### DATA EXTRACTS:

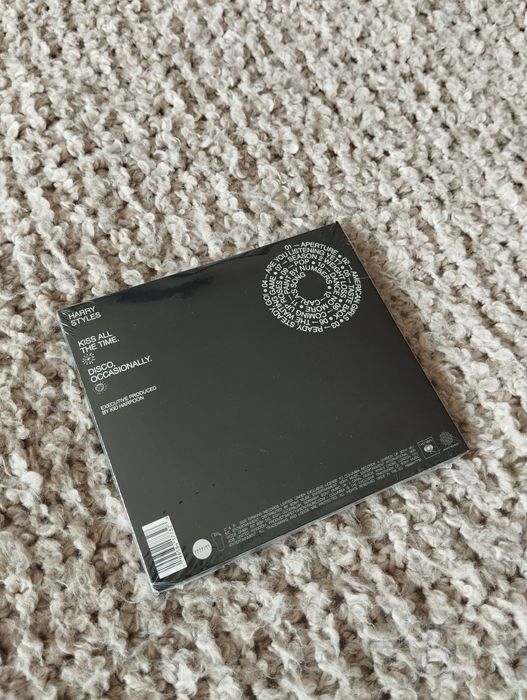 Disco CD Harry Styles Kiss All The Time and Disco Occasionally Novo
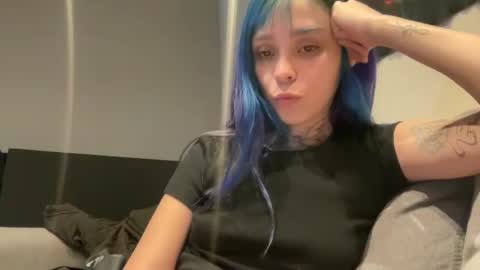 Snapshot of lole6913 chatting on November 6, 2025, 5:19 am lole online show from November 6, 2025, 5:19 am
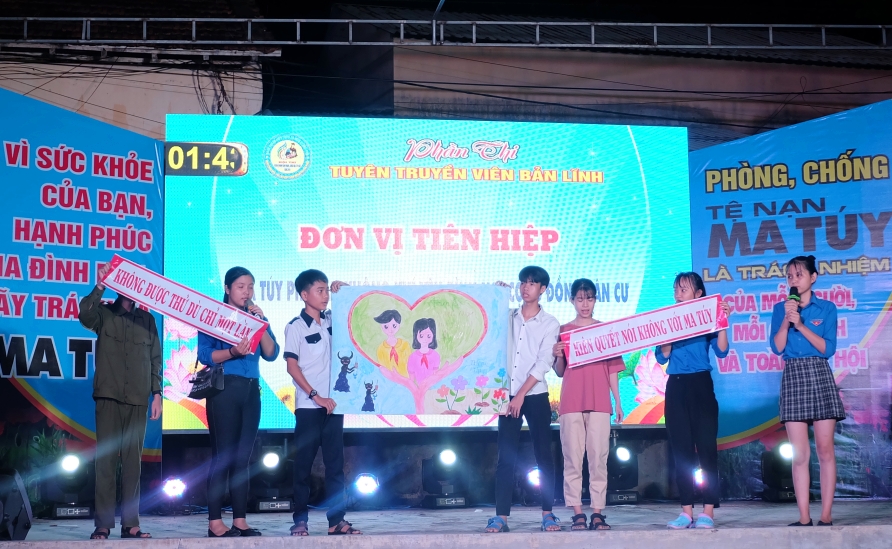 Phần thi thuyết trình Tuyên truyền viên bản lĩnh, các ĐVTN tự trang bị kiến thức góp phần đẩy mạnh công tác tuyên truyền phòng chống ma túy trên địa bàn. Ảnh: M.L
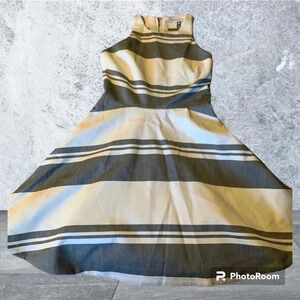 Elizabeth and James Gray and White Dress no Sleeves with a Zipper size 2
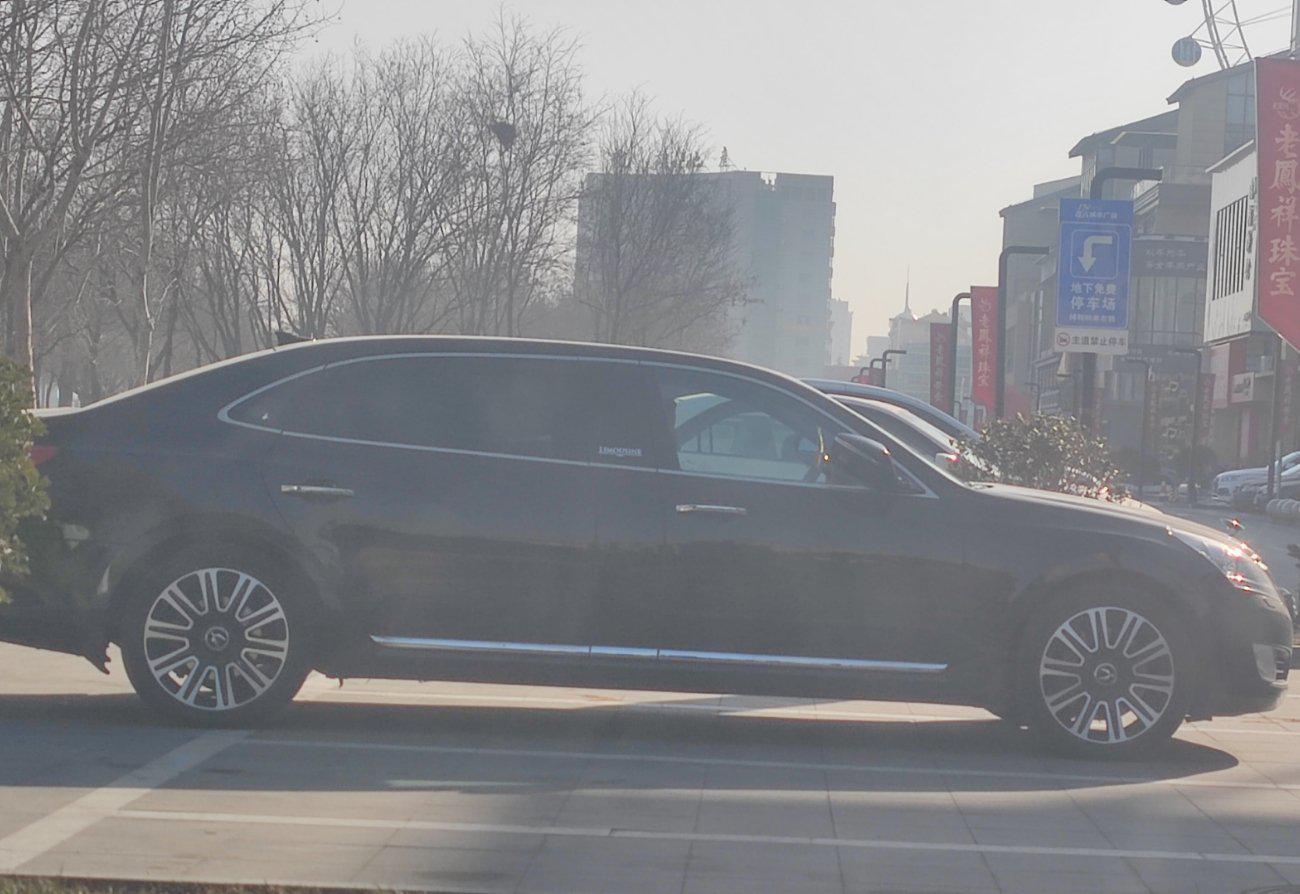 振宇说车#现代雅科仕# 路遇进口韩国现代雅科仕豪华轿车,轮圈造型耐看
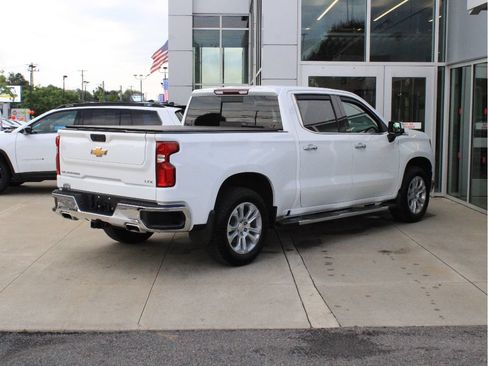 Used 2022 Chevrolet Silverado 1500 LTZ w/ LTZ Premium Package AWD/4WD image 6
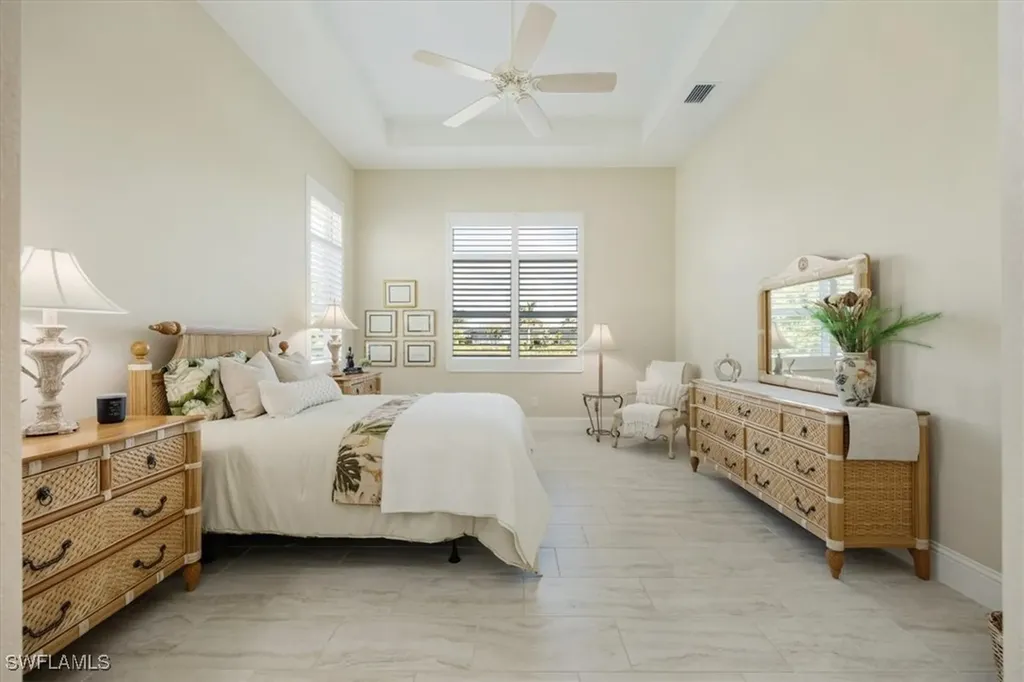 6152 Rodney Bay Lane Naples FL 34113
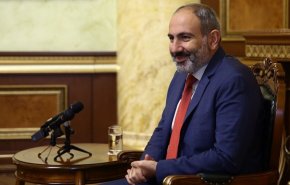 رئيس الوزراء الأرميني يوجه دعوة الى روحاني لزيارة يريفان
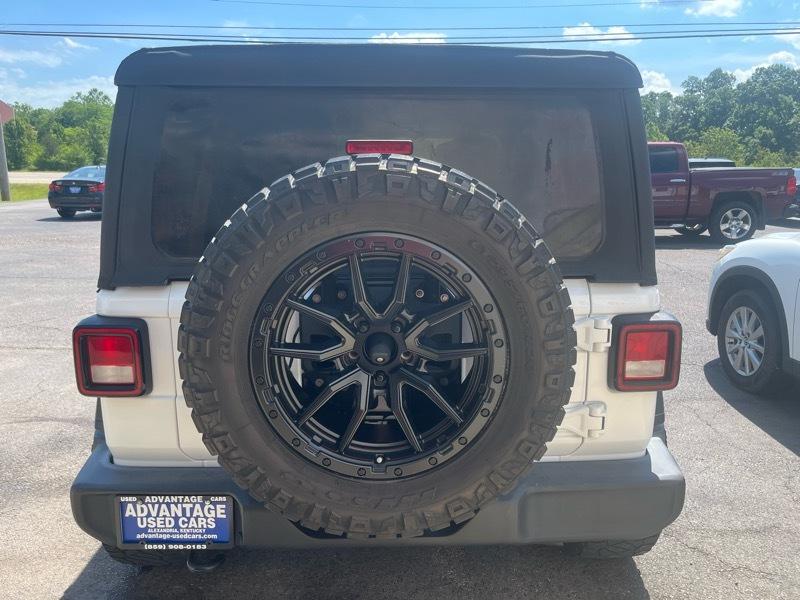 Jeep Wrangler Unlimited Sport 2018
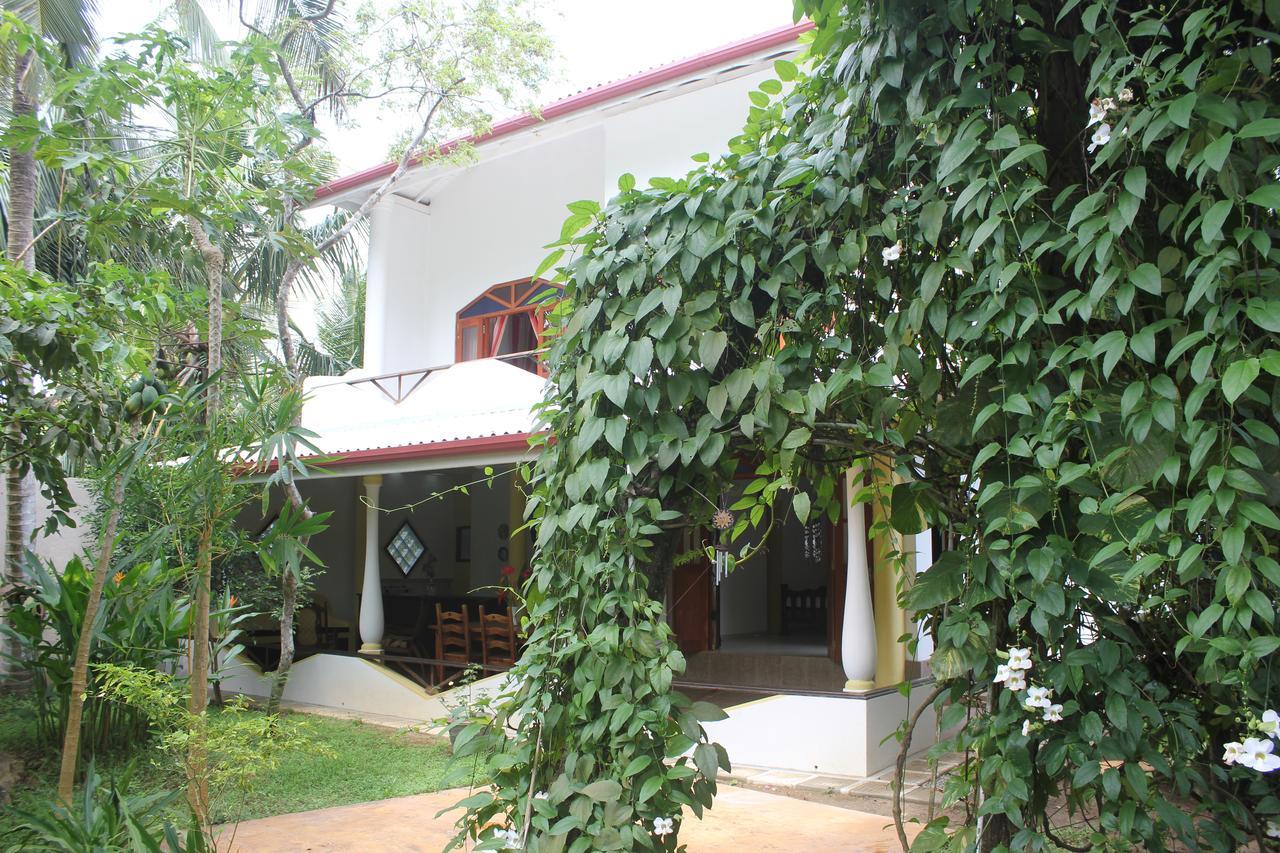 Dionis Villa Unawatuna Habitación foto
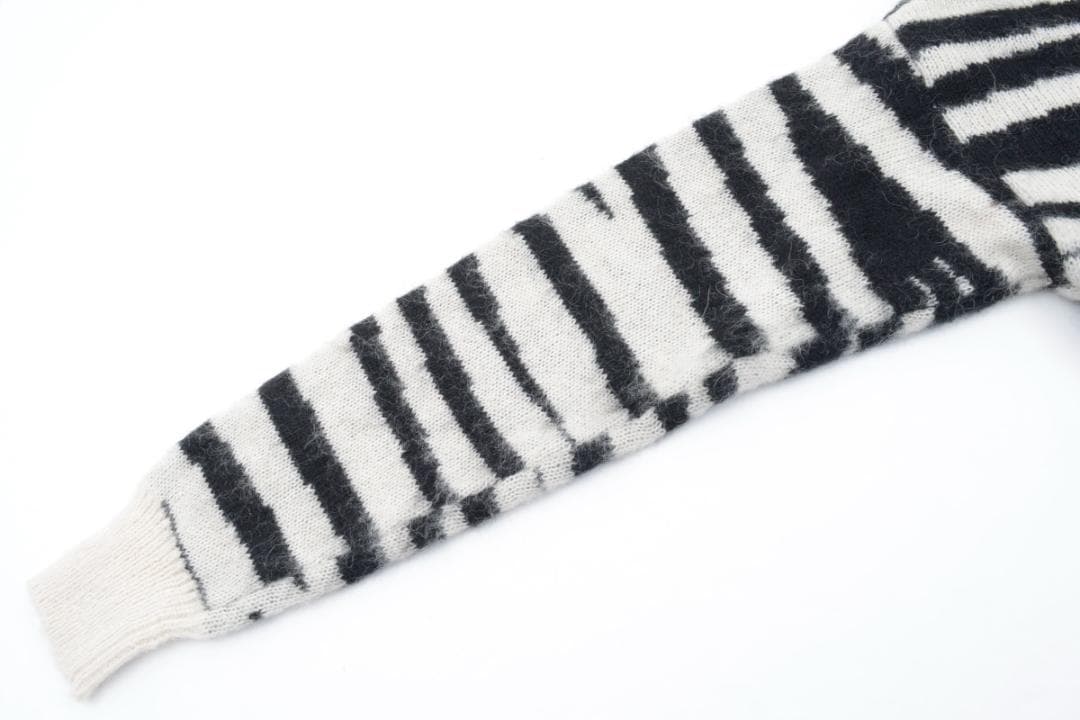 新品・未使用 STUSSY ゼブラ柄ニットセーター ホワイト/ブラック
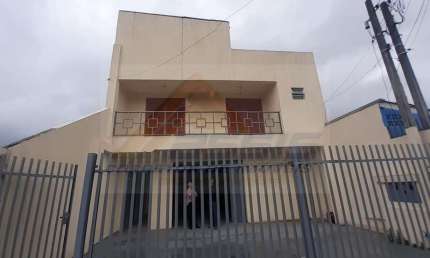 Sobrado à venda no bairro Sítio Cercado - Curitiba/PR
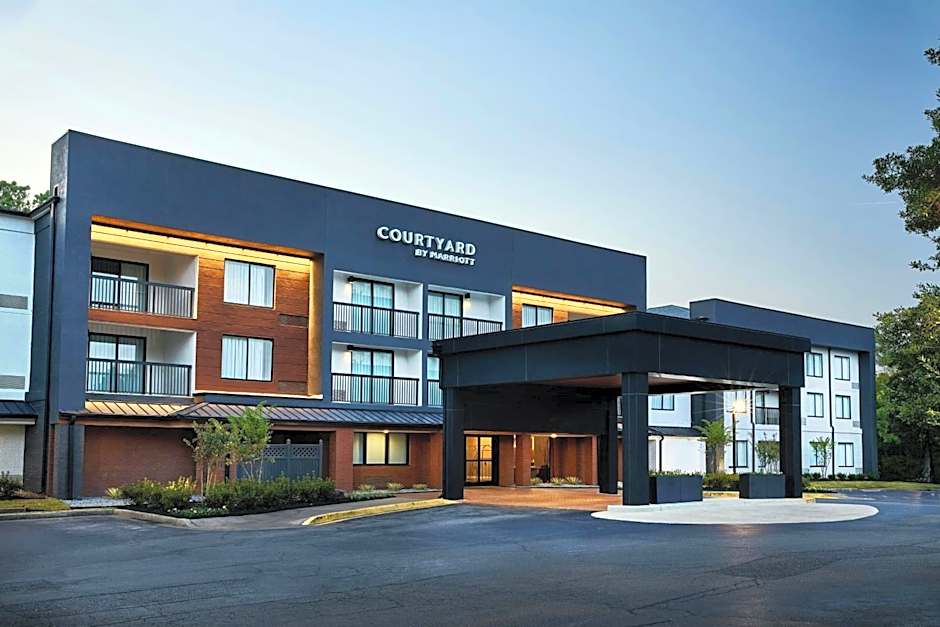 Courtyard by Marriott Memphis Germantown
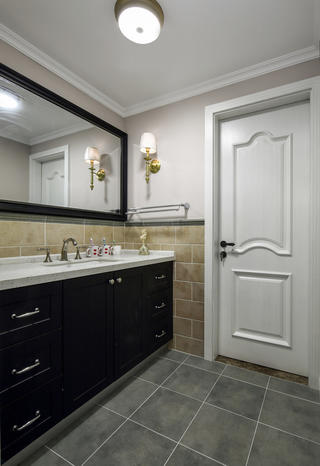 三居室美式风格家浴室柜图片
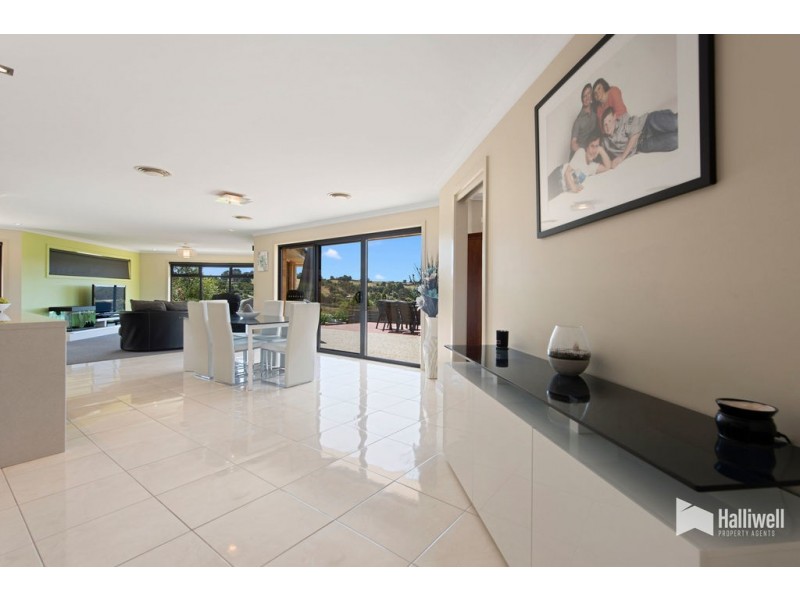 13 Donvista Drive, Don TAS 7310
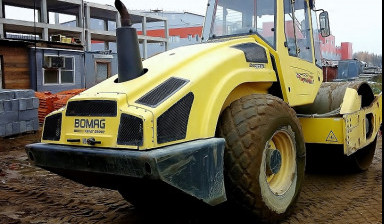 Каток грунтовый Bomag BW 213 D-4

### WORK INSTRUCTION:
Only the lines from the one containing "Jeep Wrangler Unlimited Sport 2018" to the end of the listing belong in the answer, exactly as they stand and with no pictures.

### OUTPUT FOR THIS EXERCISE:
 Jeep Wrangler Unlimited Sport 2018
 Dionis Villa Unawatuna Habitación foto
 新品・未使用 STUSSY ゼブラ柄ニットセーター ホワイト/ブラック
 Sobrado à venda no bairro Sítio Cercado - Curitiba/PR
 Courtyard by Marriott Memphis Germantown
 三居室美式风格家浴室柜图片
 13 Donvista Drive, Don TAS 7310
 Каток грунтовый Bomag BW 213 D-4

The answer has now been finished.